START Dataset extract

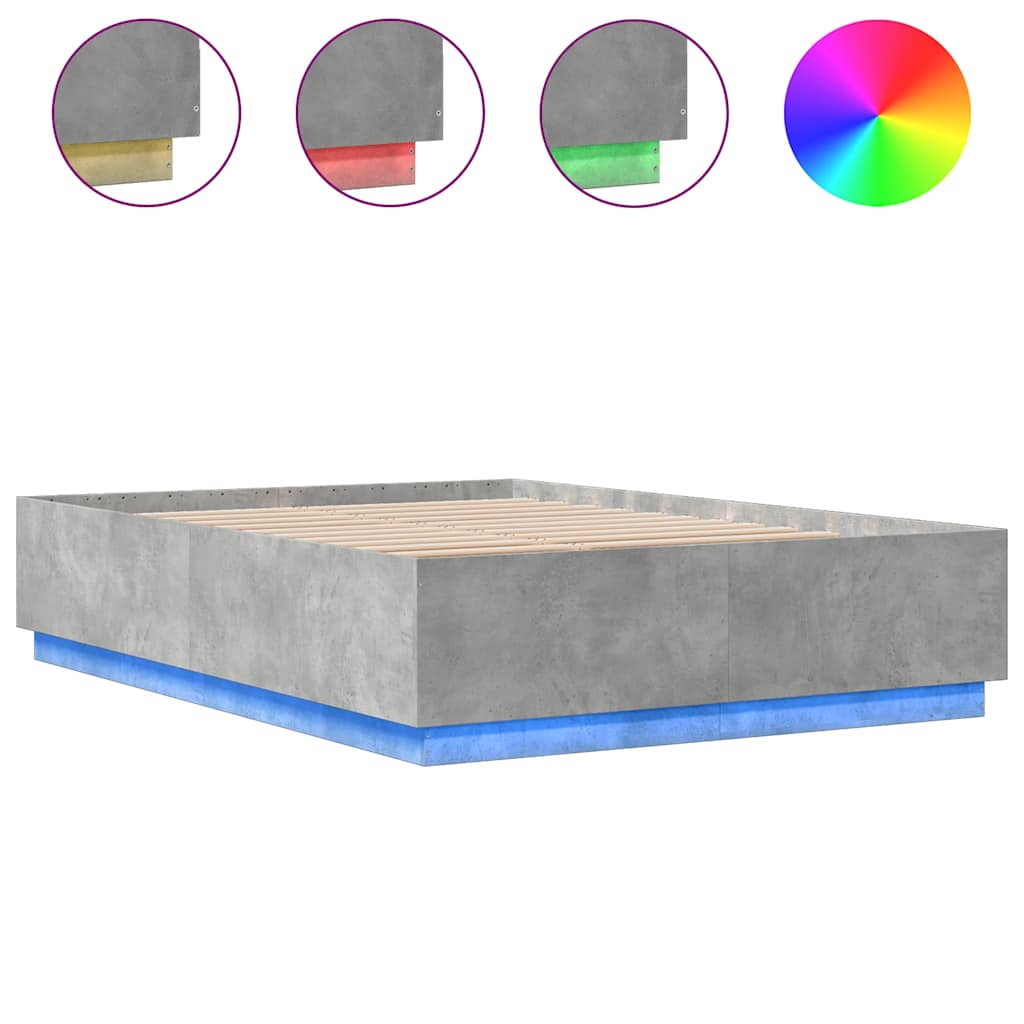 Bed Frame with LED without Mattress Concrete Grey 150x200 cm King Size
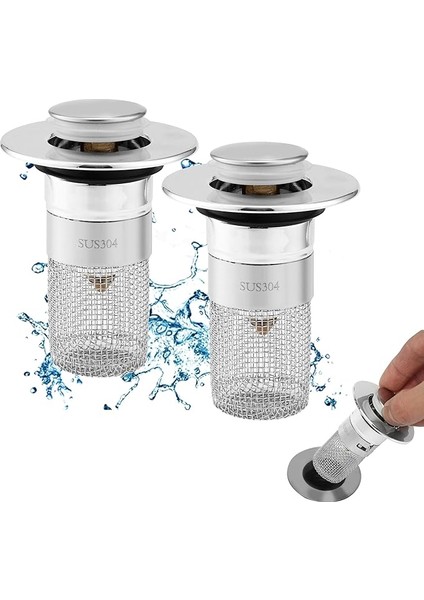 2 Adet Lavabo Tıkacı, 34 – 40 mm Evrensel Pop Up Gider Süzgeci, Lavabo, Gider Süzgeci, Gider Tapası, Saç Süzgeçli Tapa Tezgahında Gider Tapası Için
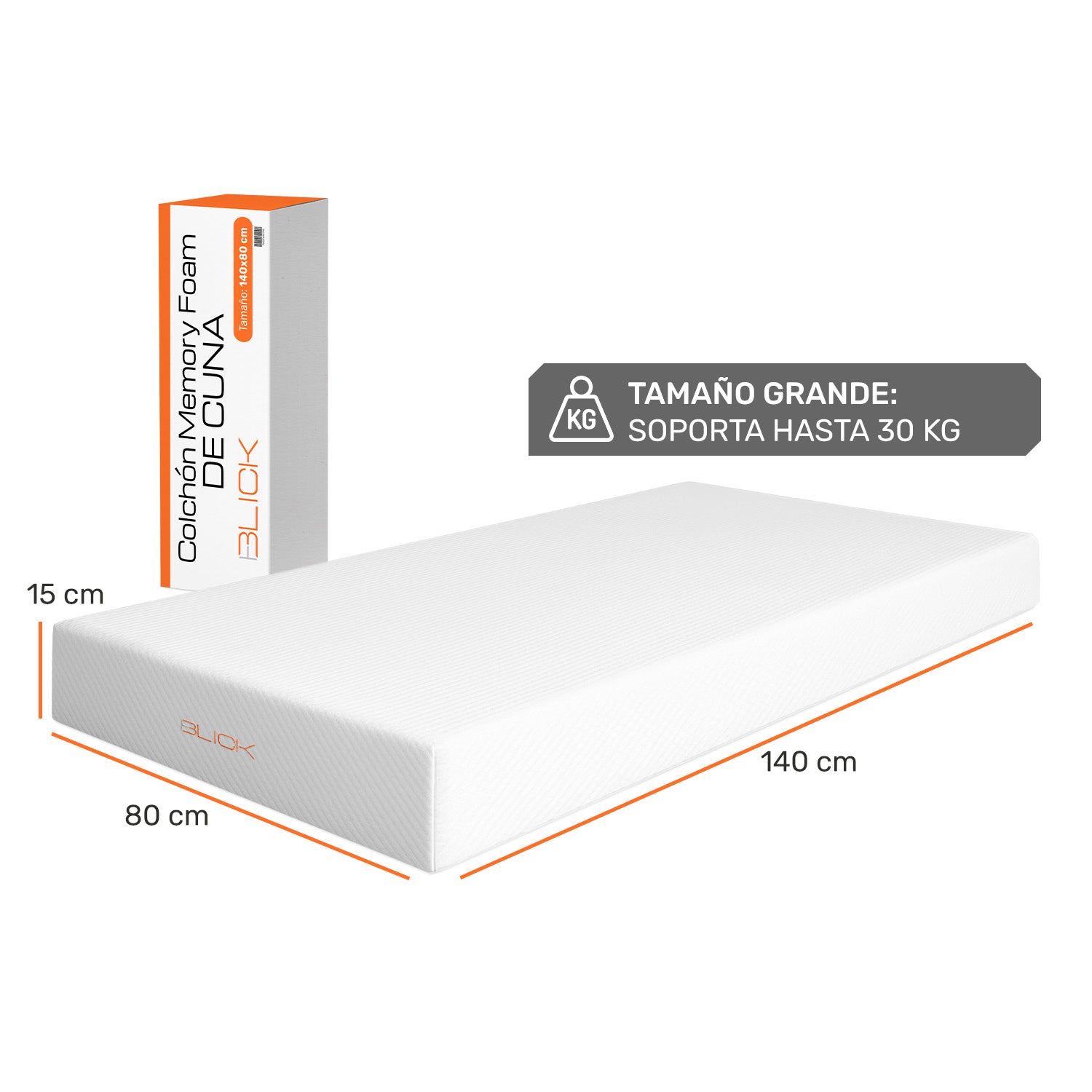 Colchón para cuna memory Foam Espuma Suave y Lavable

END Dataset extract

» Directions for this task
Reproduce the listing word for word. Do not carry over the pictures.

» Your response
 Bed Frame with LED without Mattress Concrete Grey 150x200 cm King Size
 2 Adet Lavabo Tıkacı, 34 – 40 mm Evrensel Pop Up Gider Süzgeci, Lavabo, Gider Süzgeci, Gider Tapası, Saç Süzgeçli Tapa Tezgahında Gider Tapası Için
 Colchón para cuna memory Foam Espuma Suave y Lavable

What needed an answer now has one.